> **Task statement**:
Word for word, transcribe the data below from the line with "Braciano Tweed Brown" to the line with "ネイビー航海の結婚式招待状ベリーバンド 招待状ベリーバンド (正面例)", keeping both of those lines.

> **Information shown**:
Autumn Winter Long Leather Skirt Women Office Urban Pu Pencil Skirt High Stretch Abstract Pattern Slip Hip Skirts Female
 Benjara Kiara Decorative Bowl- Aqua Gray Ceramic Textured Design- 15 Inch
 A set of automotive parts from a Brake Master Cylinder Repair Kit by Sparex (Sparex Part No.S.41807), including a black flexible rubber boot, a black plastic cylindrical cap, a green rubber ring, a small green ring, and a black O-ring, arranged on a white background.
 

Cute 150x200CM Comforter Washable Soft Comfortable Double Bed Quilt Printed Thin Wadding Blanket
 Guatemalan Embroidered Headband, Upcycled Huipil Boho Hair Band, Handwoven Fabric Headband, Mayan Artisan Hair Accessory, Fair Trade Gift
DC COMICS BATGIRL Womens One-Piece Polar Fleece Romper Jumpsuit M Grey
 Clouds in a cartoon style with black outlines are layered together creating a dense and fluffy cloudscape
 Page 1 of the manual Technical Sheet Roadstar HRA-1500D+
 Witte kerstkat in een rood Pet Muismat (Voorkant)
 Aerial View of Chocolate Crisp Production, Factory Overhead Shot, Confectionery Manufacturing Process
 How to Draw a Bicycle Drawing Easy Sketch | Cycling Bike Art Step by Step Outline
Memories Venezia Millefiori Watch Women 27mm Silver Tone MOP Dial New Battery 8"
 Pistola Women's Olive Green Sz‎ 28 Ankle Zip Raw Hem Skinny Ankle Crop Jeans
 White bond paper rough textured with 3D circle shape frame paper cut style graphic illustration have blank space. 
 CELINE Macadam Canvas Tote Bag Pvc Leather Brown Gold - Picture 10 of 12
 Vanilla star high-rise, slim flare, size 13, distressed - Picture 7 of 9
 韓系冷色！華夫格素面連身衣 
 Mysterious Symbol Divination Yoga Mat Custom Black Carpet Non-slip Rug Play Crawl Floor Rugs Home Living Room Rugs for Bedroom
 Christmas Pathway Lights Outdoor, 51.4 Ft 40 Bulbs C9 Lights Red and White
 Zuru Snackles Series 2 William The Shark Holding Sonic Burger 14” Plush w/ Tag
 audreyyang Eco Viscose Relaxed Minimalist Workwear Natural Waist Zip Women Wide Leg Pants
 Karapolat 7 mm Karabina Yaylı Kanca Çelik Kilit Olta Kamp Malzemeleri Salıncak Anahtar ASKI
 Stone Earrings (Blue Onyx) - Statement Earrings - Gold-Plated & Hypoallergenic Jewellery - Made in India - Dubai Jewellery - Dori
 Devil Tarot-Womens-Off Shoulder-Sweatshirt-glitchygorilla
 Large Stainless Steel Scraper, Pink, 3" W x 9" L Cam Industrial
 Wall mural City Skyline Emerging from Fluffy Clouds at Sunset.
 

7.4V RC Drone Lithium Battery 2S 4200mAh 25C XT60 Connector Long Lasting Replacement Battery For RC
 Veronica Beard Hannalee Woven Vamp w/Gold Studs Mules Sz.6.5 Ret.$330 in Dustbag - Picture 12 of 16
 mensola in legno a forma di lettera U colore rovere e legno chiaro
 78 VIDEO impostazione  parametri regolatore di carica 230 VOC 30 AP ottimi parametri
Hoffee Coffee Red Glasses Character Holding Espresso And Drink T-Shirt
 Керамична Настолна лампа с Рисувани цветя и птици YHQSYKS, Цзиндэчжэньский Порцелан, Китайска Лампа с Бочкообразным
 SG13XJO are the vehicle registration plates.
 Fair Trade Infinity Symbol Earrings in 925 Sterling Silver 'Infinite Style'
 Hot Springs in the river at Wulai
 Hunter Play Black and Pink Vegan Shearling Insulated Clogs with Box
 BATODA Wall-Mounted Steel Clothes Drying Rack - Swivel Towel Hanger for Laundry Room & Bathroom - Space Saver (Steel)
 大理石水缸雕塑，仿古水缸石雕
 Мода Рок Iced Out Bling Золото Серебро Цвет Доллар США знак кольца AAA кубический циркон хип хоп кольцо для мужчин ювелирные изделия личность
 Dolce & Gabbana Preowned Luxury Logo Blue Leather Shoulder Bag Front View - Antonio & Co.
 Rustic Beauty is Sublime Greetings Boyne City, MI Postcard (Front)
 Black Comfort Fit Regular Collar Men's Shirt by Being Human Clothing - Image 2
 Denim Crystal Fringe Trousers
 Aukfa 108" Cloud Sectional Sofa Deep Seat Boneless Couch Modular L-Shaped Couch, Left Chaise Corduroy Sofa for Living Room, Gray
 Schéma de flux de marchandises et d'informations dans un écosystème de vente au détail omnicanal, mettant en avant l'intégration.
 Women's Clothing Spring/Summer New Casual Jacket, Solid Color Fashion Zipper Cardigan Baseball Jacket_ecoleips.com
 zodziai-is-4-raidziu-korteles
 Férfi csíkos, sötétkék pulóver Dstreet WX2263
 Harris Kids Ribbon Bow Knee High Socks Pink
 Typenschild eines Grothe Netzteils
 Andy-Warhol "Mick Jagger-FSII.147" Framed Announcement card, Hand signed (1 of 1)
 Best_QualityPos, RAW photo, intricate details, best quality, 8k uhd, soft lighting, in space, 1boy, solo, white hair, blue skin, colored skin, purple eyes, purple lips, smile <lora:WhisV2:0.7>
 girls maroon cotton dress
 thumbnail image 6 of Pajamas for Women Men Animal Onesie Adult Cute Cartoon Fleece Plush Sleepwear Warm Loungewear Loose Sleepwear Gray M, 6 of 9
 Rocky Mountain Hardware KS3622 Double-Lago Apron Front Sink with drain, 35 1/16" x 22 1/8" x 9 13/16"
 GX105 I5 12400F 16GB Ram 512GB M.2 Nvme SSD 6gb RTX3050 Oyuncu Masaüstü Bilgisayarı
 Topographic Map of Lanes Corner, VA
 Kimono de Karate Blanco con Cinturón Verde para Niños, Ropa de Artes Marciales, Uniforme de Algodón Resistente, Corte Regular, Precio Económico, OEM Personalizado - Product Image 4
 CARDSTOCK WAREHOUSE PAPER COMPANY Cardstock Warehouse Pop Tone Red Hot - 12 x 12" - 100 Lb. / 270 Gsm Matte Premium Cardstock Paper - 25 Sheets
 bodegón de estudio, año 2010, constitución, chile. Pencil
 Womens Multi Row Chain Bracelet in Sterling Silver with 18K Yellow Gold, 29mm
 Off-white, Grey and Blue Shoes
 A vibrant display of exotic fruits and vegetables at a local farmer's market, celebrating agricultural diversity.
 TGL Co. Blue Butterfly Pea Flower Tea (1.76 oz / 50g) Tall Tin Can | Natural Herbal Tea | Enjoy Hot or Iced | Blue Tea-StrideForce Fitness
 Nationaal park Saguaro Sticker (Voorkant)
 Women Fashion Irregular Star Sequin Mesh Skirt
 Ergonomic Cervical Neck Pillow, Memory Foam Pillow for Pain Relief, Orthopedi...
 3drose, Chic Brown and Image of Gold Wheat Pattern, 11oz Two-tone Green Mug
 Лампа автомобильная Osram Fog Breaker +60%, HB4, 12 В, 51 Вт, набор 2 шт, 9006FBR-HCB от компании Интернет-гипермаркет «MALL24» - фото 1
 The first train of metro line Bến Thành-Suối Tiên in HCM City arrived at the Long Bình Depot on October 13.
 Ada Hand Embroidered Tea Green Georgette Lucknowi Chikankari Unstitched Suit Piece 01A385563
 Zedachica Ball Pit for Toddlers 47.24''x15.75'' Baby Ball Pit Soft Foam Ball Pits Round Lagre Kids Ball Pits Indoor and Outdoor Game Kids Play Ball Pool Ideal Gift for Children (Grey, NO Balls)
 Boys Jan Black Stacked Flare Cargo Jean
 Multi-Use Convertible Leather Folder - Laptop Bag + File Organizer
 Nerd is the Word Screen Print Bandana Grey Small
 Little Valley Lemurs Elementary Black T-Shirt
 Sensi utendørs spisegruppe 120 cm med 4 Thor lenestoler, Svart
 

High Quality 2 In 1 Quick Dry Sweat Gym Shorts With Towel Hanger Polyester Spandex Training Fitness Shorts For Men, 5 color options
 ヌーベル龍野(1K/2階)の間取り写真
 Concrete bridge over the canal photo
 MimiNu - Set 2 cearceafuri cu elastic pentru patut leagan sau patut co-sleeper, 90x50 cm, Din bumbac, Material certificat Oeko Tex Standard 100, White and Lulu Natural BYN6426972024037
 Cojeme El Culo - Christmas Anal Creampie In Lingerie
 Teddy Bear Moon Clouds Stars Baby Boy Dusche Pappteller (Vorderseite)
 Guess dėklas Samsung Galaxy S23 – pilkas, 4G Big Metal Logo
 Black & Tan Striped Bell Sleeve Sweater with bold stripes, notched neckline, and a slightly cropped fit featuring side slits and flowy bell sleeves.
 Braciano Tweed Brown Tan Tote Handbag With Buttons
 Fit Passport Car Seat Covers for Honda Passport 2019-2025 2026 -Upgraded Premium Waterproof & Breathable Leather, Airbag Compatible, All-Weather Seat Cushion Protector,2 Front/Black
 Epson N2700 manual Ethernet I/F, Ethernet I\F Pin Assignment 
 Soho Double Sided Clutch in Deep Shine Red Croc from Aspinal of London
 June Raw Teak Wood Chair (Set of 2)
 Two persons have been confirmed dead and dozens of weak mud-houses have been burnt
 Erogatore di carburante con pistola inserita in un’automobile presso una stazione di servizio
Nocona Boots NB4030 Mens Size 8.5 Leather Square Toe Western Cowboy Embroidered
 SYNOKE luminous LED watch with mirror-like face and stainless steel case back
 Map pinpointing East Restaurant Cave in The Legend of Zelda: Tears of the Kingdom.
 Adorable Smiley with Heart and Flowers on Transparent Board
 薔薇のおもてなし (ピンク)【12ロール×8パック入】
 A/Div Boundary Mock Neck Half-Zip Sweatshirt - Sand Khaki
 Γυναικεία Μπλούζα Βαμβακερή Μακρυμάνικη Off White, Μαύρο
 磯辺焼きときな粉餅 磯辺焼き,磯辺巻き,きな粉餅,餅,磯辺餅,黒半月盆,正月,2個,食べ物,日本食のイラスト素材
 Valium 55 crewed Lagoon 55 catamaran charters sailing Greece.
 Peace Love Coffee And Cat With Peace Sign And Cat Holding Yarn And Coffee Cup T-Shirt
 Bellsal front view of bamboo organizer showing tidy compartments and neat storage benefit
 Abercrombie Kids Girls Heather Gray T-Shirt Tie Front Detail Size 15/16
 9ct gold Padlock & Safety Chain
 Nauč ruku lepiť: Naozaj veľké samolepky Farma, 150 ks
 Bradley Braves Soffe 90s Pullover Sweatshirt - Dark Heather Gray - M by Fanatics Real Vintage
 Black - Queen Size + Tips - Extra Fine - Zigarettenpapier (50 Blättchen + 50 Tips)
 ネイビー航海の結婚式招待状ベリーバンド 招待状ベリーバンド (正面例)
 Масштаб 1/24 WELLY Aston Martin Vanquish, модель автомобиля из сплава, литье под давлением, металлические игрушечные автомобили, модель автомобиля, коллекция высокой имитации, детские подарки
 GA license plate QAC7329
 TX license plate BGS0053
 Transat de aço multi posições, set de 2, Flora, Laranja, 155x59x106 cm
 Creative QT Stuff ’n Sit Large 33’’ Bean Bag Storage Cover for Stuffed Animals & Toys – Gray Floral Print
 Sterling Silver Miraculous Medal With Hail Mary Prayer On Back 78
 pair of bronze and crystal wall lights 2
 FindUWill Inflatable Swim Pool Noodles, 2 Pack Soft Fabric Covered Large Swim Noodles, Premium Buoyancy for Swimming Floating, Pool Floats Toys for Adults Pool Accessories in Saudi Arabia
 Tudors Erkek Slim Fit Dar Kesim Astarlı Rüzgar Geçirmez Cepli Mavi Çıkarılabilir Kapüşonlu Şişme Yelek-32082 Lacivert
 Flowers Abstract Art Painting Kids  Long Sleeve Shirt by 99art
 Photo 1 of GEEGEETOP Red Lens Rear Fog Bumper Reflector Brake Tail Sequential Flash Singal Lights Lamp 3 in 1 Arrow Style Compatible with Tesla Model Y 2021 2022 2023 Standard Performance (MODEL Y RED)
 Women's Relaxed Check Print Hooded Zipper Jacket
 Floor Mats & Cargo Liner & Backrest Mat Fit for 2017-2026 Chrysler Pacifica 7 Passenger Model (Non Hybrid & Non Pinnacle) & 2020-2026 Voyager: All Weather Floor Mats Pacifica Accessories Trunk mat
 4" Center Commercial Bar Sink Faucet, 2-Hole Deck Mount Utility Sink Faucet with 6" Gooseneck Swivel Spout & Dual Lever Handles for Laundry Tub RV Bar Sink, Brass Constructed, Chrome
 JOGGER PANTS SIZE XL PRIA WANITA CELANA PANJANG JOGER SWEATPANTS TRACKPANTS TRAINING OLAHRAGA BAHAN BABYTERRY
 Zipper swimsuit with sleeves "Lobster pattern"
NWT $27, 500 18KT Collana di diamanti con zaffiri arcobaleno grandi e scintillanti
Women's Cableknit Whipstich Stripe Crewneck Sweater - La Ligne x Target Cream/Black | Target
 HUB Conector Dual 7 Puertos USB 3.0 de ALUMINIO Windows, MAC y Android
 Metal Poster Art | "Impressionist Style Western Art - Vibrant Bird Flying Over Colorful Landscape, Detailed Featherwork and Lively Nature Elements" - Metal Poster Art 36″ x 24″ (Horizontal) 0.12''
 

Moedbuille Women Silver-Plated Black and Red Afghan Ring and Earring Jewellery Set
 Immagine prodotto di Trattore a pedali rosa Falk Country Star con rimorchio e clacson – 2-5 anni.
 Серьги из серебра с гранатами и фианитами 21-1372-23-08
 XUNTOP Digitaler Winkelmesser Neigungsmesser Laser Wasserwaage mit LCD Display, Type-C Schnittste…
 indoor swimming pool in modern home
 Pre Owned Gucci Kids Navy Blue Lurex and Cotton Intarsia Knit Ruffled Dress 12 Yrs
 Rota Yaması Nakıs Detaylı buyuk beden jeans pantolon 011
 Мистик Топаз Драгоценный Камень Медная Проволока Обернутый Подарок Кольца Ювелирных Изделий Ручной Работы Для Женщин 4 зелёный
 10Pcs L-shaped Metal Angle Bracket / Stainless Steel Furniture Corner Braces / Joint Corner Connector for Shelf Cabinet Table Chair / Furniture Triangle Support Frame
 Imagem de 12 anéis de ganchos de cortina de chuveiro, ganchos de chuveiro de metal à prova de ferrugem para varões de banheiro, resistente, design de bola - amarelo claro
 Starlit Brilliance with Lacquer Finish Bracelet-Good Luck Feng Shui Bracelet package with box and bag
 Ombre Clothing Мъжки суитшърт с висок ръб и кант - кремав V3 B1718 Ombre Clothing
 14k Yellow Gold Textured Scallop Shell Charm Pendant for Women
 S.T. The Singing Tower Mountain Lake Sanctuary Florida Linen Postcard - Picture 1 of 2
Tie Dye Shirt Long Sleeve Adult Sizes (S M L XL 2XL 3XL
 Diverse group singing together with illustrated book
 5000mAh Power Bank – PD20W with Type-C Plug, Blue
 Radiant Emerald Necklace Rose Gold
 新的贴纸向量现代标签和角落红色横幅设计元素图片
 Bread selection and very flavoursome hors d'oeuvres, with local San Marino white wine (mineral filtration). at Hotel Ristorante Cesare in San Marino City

> **Task answer**:
 Braciano Tweed Brown Tan Tote Handbag With Buttons
 Fit Passport Car Seat Covers for Honda Passport 2019-2025 2026 -Upgraded Premium Waterproof & Breathable Leather, Airbag Compatible, All-Weather Seat Cushion Protector,2 Front/Black
 Epson N2700 manual Ethernet I/F, Ethernet I\F Pin Assignment 
 Soho Double Sided Clutch in Deep Shine Red Croc from Aspinal of London
 June Raw Teak Wood Chair (Set of 2)
 Two persons have been confirmed dead and dozens of weak mud-houses have been burnt
 Erogatore di carburante con pistola inserita in un’automobile presso una stazione di servizio
Nocona Boots NB4030 Mens Size 8.5 Leather Square Toe Western Cowboy Embroidered
 SYNOKE luminous LED watch with mirror-like face and stainless steel case back
 Map pinpointing East Restaurant Cave in The Legend of Zelda: Tears of the Kingdom.
 Adorable Smiley with Heart and Flowers on Transparent Board
 薔薇のおもてなし (ピンク)【12ロール×8パック入】
 A/Div Boundary Mock Neck Half-Zip Sweatshirt - Sand Khaki
 Γυναικεία Μπλούζα Βαμβακερή Μακρυμάνικη Off White, Μαύρο
 磯辺焼きときな粉餅 磯辺焼き,磯辺巻き,きな粉餅,餅,磯辺餅,黒半月盆,正月,2個,食べ物,日本食のイラスト素材
 Valium 55 crewed Lagoon 55 catamaran charters sailing Greece.
 Peace Love Coffee And Cat With Peace Sign And Cat Holding Yarn And Coffee Cup T-Shirt
 Bellsal front view of bamboo organizer showing tidy compartments and neat storage benefit
 Abercrombie Kids Girls Heather Gray T-Shirt Tie Front Detail Size 15/16
 9ct gold Padlock & Safety Chain
 Nauč ruku lepiť: Naozaj veľké samolepky Farma, 150 ks
 Bradley Braves Soffe 90s Pullover Sweatshirt - Dark Heather Gray - M by Fanatics Real Vintage
 Black - Queen Size + Tips - Extra Fine - Zigarettenpapier (50 Blättchen + 50 Tips)
 ネイビー航海の結婚式招待状ベリーバンド 招待状ベリーバンド (正面例)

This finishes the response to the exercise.